Working with CDK to predict Toxicity

CDK as we all know (do we ?) is the preferred java library for making various models of molecular data. I have been using it to discover overlaps between toxic molecules. It is an attempt to find toxicity causing groups of atoms by comparing molecules that are toxic with each other.

The first part of the project was to find these overlapping strucutres. We call them MCS – Maximum Common Substructure. The MCS is found using the graph theory approach where a list of graph matches are found between two molecular structures (represented as graphs).

The graphs can be derived in two ways from the molecular structure.

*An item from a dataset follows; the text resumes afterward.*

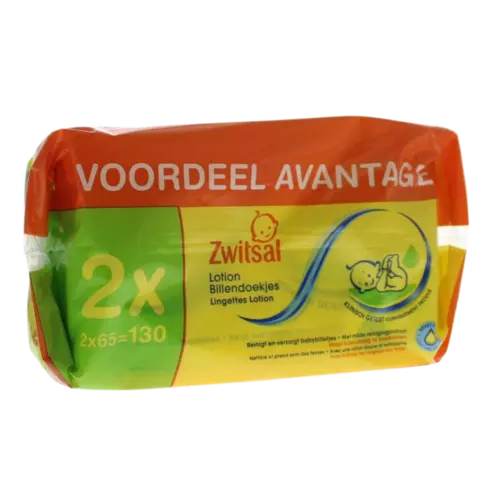 Zwitsal Lotion Baby Wipes 2x65 stuks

1) We can treat the atoms of the molecules as the nodes on the graph and then draw a representation where the connections between the nodes reflect the actual connections between the atoms in the moleule.

2) We can treat the bonds as the nodes of the graph and the connections in the graph would then represent the relationships between the bonds in the molecule.

We are currently using the first approach, although to be perfectly rigorous about it we should be doing both and comparing the results. Using the first approach we found the list of overlaps between to molecules (being compared). Such pairwise comparisons were done throughout the database of molecules. Meaning we compared each molecule to every other and generated a list of all the overlaps.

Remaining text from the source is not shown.